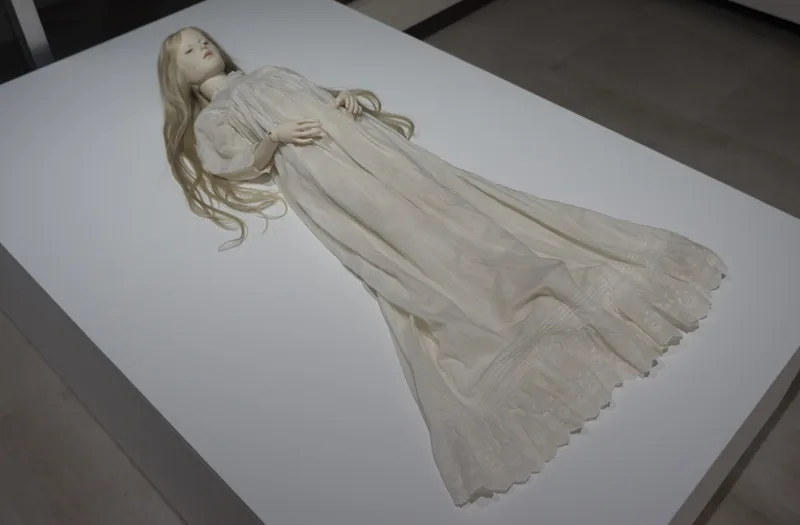 Tsuki no Mienu Yoru (Night When the Moon Cannot Be Seen)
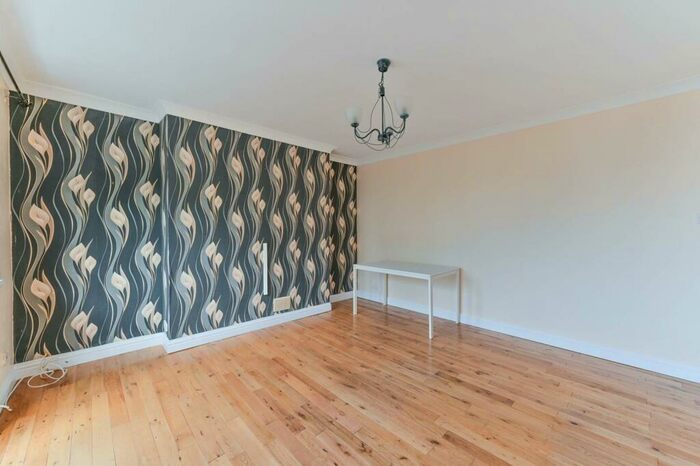 2 Bedroom Flat To Rent In The Woodlands, Upper Norwood, London, SE19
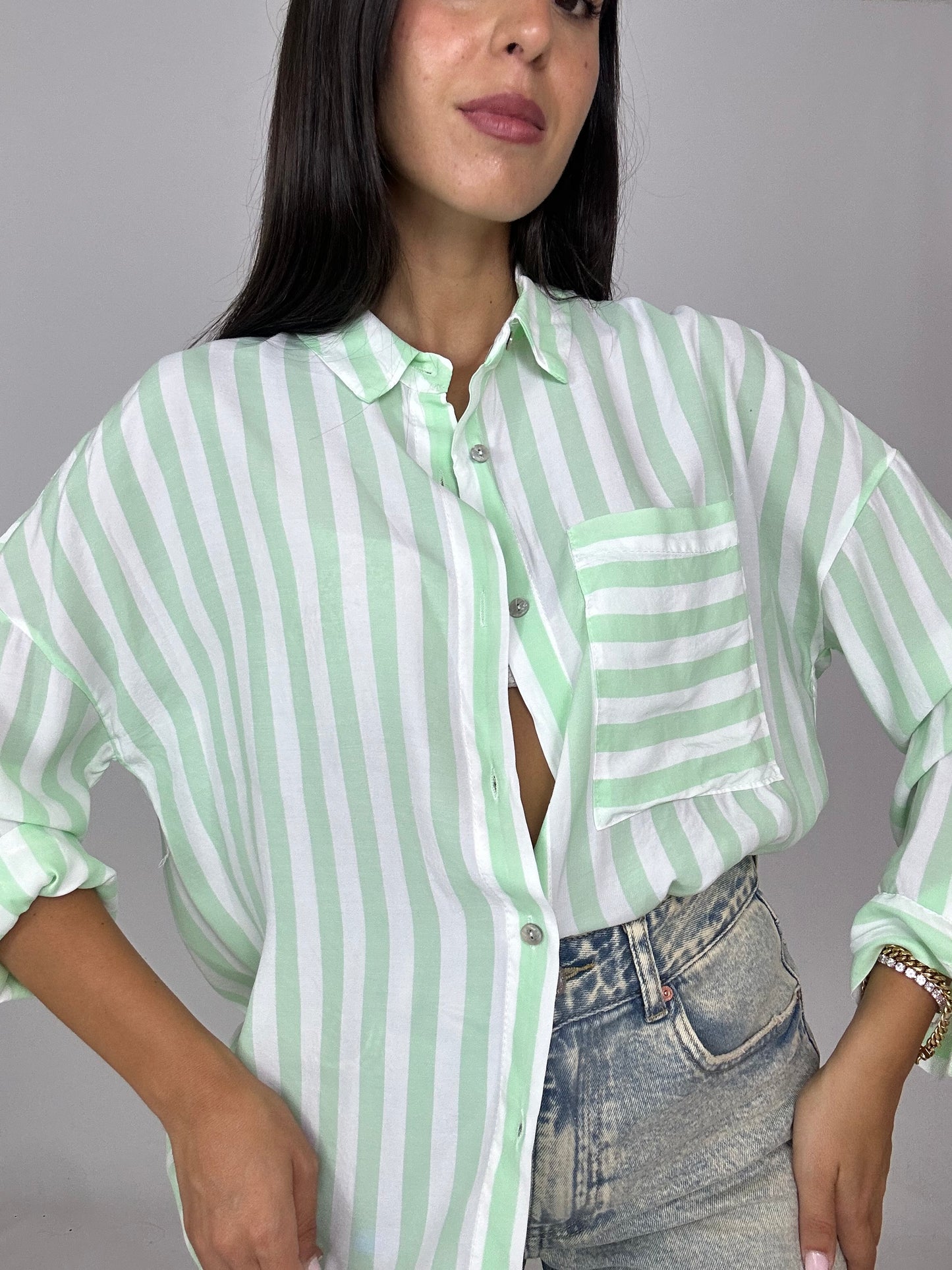 Camicia verde e bianca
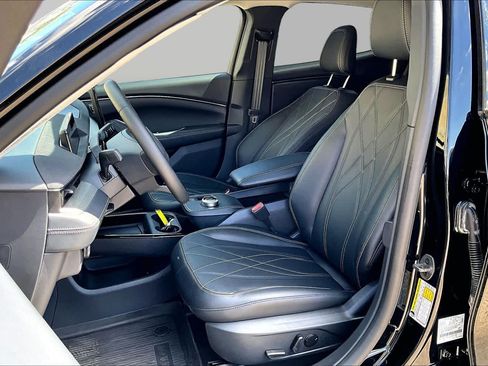 Used 2023 Ford Mustang Mach-E Select RWD image 7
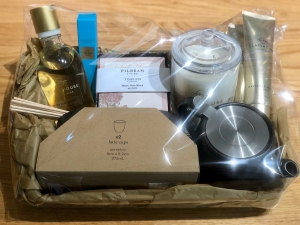Primary image for the PAMPER HAMPER FROM TERRY WHITE CHEMMART HORNSBY Auction Item
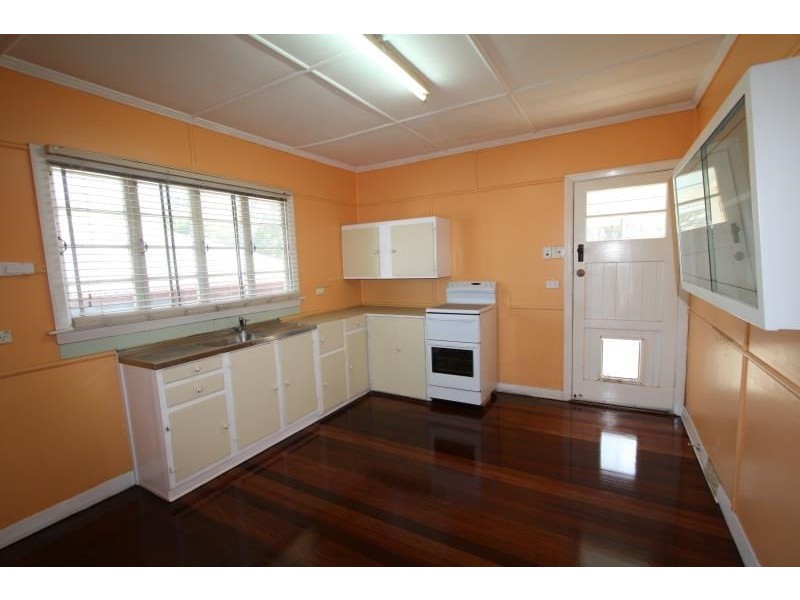11 Iris Street, Holland Park West QLD 4121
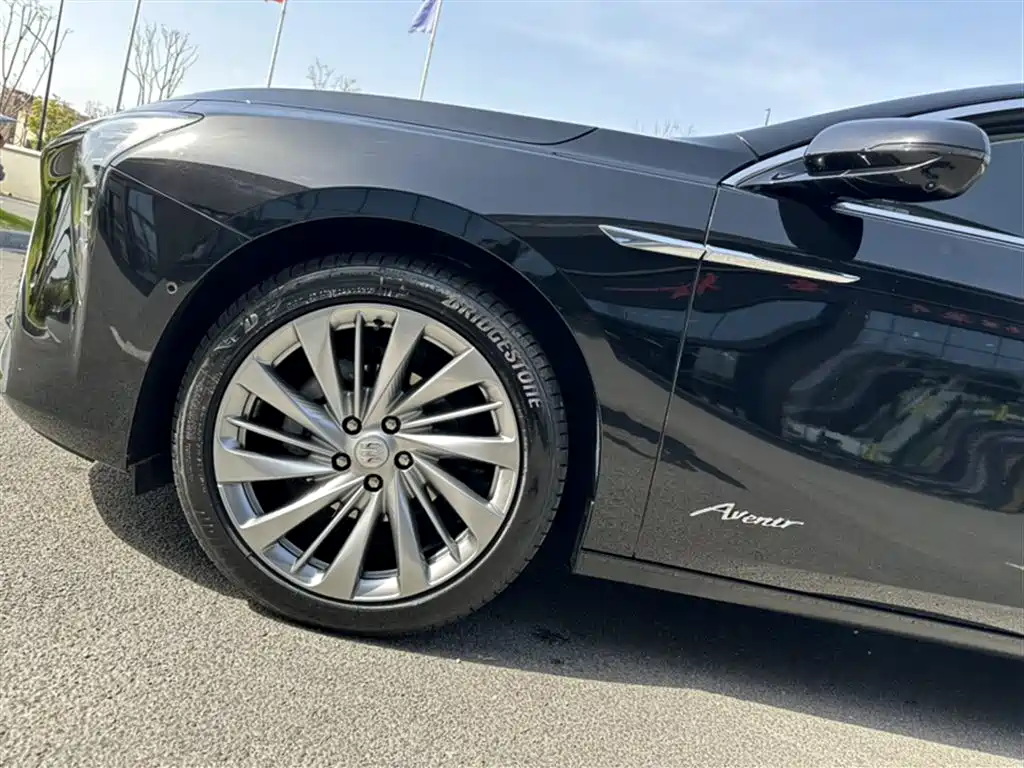 Buick LaCrosse 2023 Avenir Edition фото 13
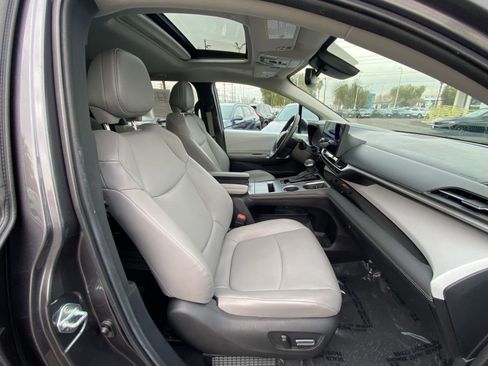 Used 2025 Toyota Sienna XLE image 30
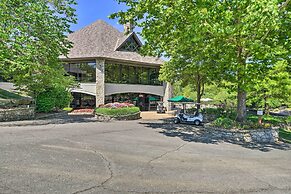 Screened Deck: Cozy Branson West Cabin!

+++

■ **WHAT TO DO**:
Take the line containing "Buick LaCrosse 2023 Avenir Edition фото 13" through the last line of the material and retype exactly those lines, both ends included, with no pictures.

■ **FINISHED EXERCISE**:
 Buick LaCrosse 2023 Avenir Edition фото 13
 Used 2025 Toyota Sienna XLE image 30
 Screened Deck: Cozy Branson West Cabin!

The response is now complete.